Le rejet de la division subjective dans l’autre, le rapport cynique à la loi, le refus de tout regret, voilà trois traits qui semblent faire du général Aussaresses un pervers. Je ne soutiendrai ni n’invaliderai ce diagnostic, même si je pourrais en imaginer un autre : Aussaresses ne serait-il pas un criminel sans idéal du moi, étant donné la façon dont il emploie les mots « mon pays », « la France » ?
Pourtant la question se pose : la torture ne serait-elle pas la réalisation extrême du sadisme, dirigée contre un sujet ou contre toute une population qui ont perdu leurs droits, de sorte que les bourreaux puissent exercer un pouvoir total sur eux ? Raphaëlle Branche écrit : « L’habitude de torturer, l’accoutumance, voire le plaisir, à accomplir régulièrement ces gestes qui font souffrir, expliquent qu’on trouve souvent les mêmes hommes, mais ils peuvent aussi être officiellement chauffeurs ou gardiens et participer aux séances [16]. » Le plaisir de faire souffrir, c’est la définition freudienne élémentaire du sadisme. Si les hommes qui éprouvent ce plaisir sont nécessaires à la machine des douleurs, pourquoi n’expliquerait-on pas l’utilisation politique, économique et militaire de la torture comme une manifestation du sadisme à grande échelle ? Quelques auteurs ont en effet appliqué l’écrit « Kant avec Sade » aux crimes du nazisme et du fascisme [17]. Mais on peut se demander s’il n’est pas un peu trop rassurant d’attribuer la violence de la torture à la perversion des individus qui s’y commettent.

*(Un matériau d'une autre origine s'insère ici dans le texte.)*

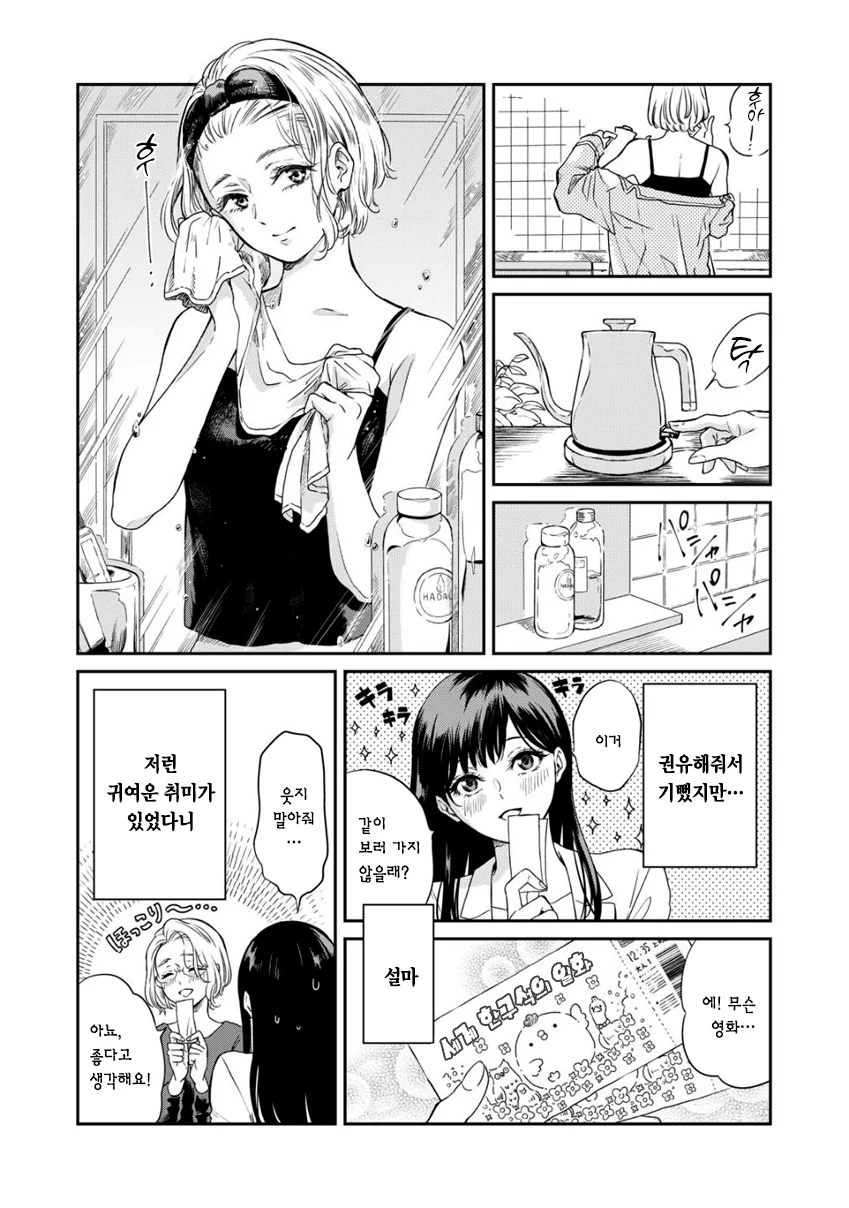 manga_484057_019.webp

Lacan a écrit « Kant avec Sade » en 1962, à la fin de la guerre d’Algérie. On peut lire ce texte avec l’arrière-fond de cette époque, sans pour autant le relativiser. Il évoque, par quelques allusions, des crimes encore plus graves, ceux du nazisme [18]. Mais il n’établit en aucun cas une analogie entre le fantasme de Sade et les camps de Hitler.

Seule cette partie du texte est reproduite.